Saved entries:
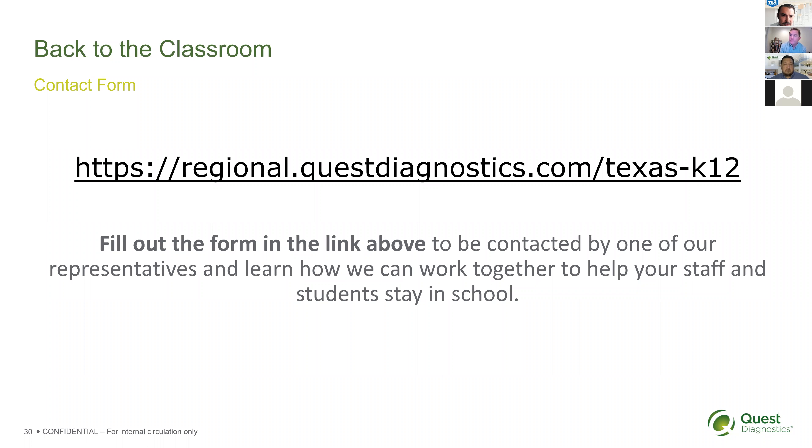Is consent a one-time consent or does it need to be obtained each time? It's a one-time global consent that covers both the pooled testing and any individual follow-up testing that is required.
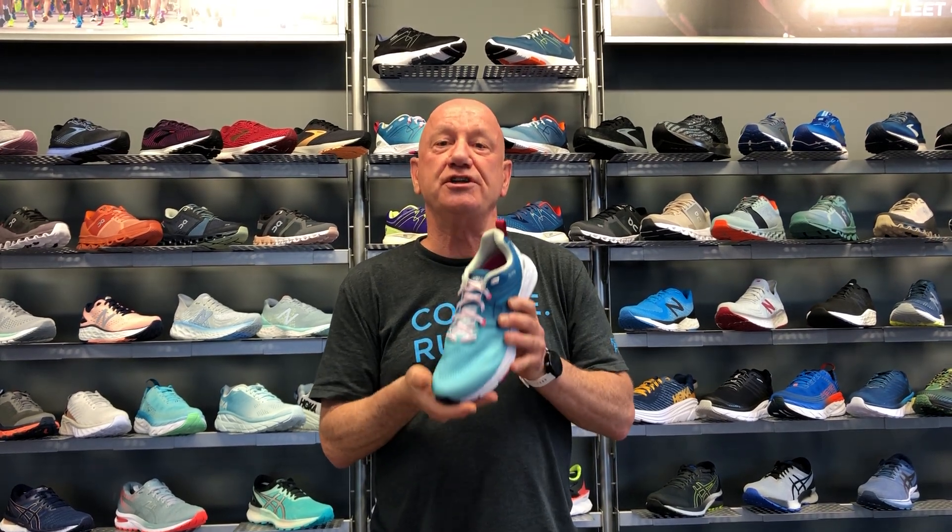A good shoe that you choose will serve you well, give you comfort on the road, and keep you from getting injured.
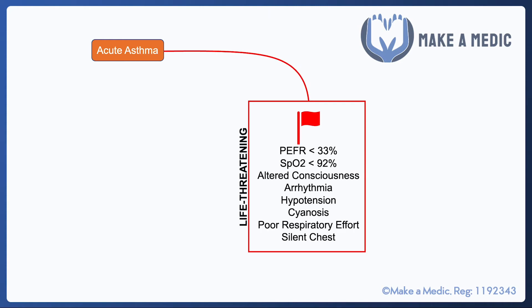When managing a patient with an acute exacerbation of asthma, we've got to keep in mind the features of a life-threatening asthma attack. Some of them are observation-based: a peak expiratory flow rate less than 33% of expected, or persistent oxygen saturations of less than 92%. Others are more clinical, such as altered consciousness, hypertension or an arrhythmia, cyanosis, poor respiratory effort, and a silent chest.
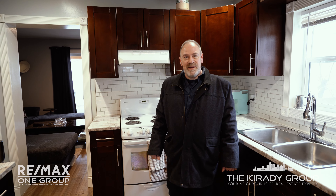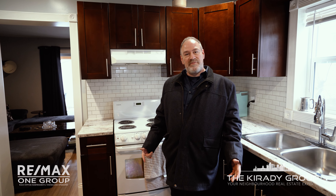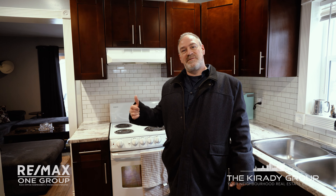Welcome to the inside. We're in an updated kitchen, modern flooring, two bedrooms, full bath. Let's go take a look.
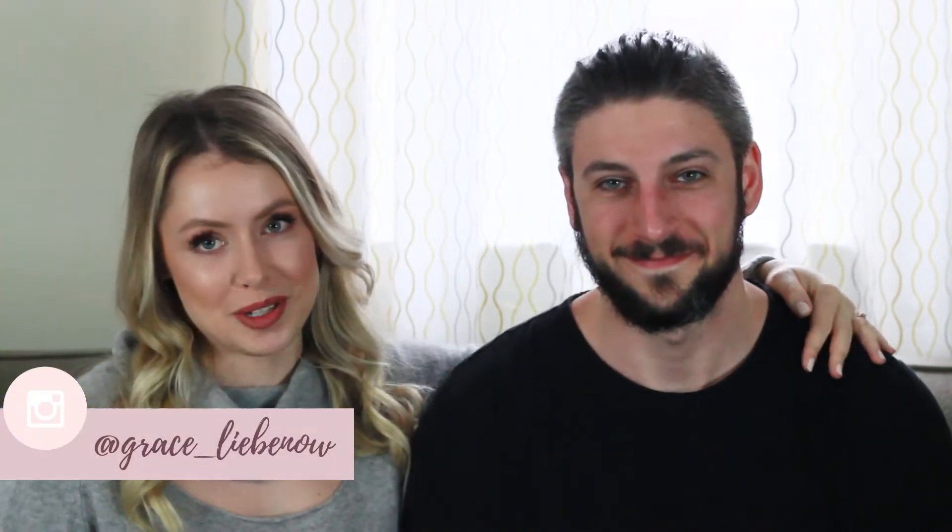Hey guys, welcome back to my channel. My name is Grace and today I have a very special guest with me. I'm Nick, Grace's fiancé, and I helped Grace design her custom engagement ring, so we're going to talk all about how we did that together.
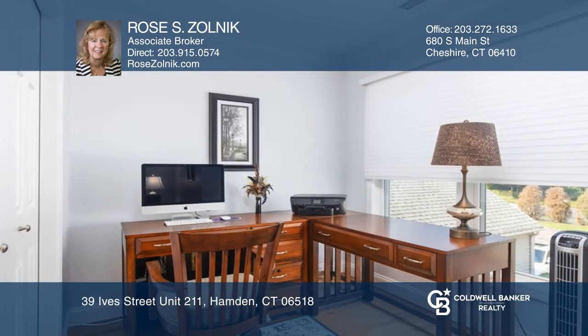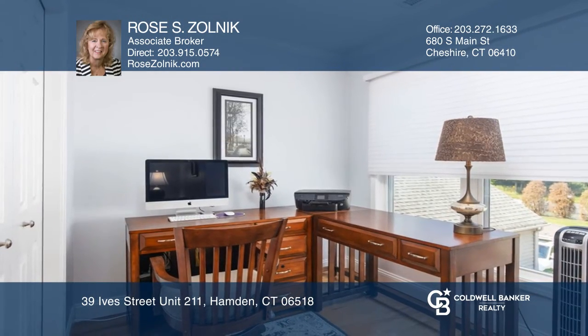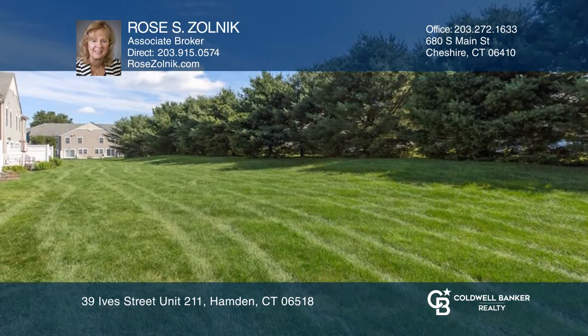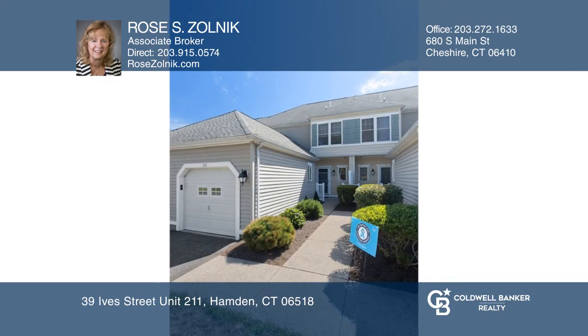Gleaming hardwood floors are all throughout. It has been freshly painted and has an attached garage and a lower level with numerous possibilities. Rose S. Zolnik is ready to show you your new home.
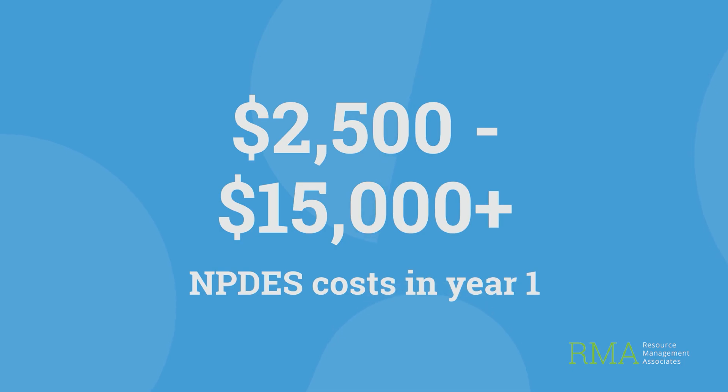In general, NPDES compliance costs can range from $2,500 to $15,000 in year one, depending on your industry, the site size, and complexity. That includes developing your SWPPP, installing controls, sampling, training staff, and keeping records. If you've already got systems in place, it could be on the lower end. However, if you're starting from scratch or dealing with past violations, it's going to cost you more.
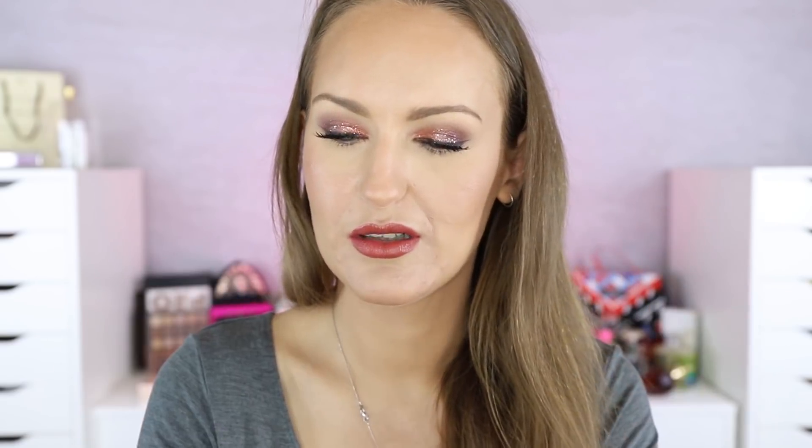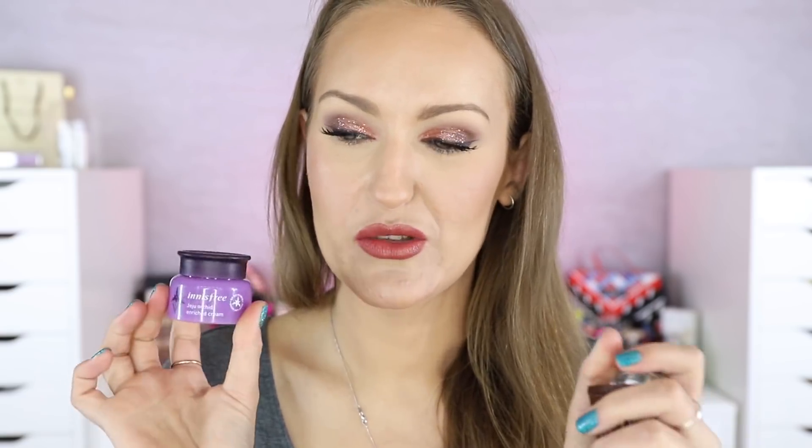I have some little sample sizes. This is the Innisfree Jeju Orchid Enrich Cream — a moisturizer, but unfortunately it breaks me out. It's too rich for me. I used it on my hands and feet and loved it that way, just popped it beside my bed. It actually lasted a really long time because it's beautiful, rich, and hydrating, but it's not something I would buy again.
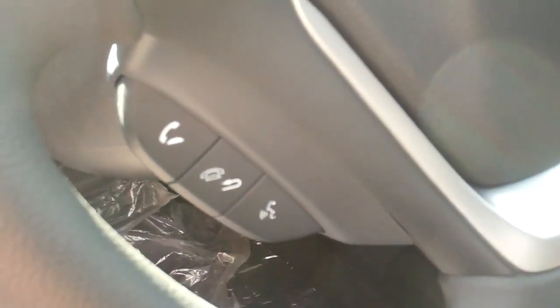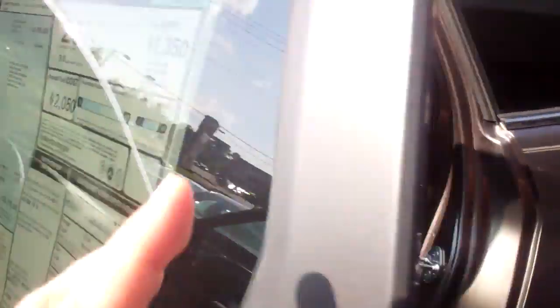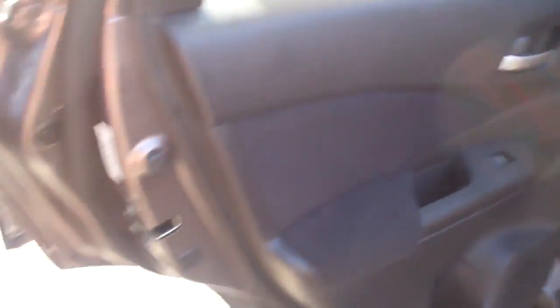On the inside, this car's got power windows, power door locks — it's got everything you could want. The Eco button helps this car get into the mid-30s for fuel economy. Your Bluetooth hands-free link, AM/FM CD player, USB iPod MP3 ports. You've got an iMid screen which will also display your backup camera, and it becomes your caller ID when anybody calls in — you can even download pictures up there.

_Exercise directions:_
Reproduce the lines of the data that run from the one containing "I have some" to the final line, both included, exactly as they appear and without the pictures.

_Task solution:_
I have some little sample sizes. This is the Innisfree Jeju Orchid Enrich Cream — a moisturizer, but unfortunately it breaks me out. It's too rich for me. I used it on my hands and feet and loved it that way, just popped it beside my bed. It actually lasted a really long time because it's beautiful, rich, and hydrating, but it's not something I would buy again.
On the inside, this car's got power windows, power door locks — it's got everything you could want. The Eco button helps this car get into the mid-30s for fuel economy. Your Bluetooth hands-free link, AM/FM CD player, USB iPod MP3 ports. You've got an iMid screen which will also display your backup camera, and it becomes your caller ID when anybody calls in — you can even download pictures up there.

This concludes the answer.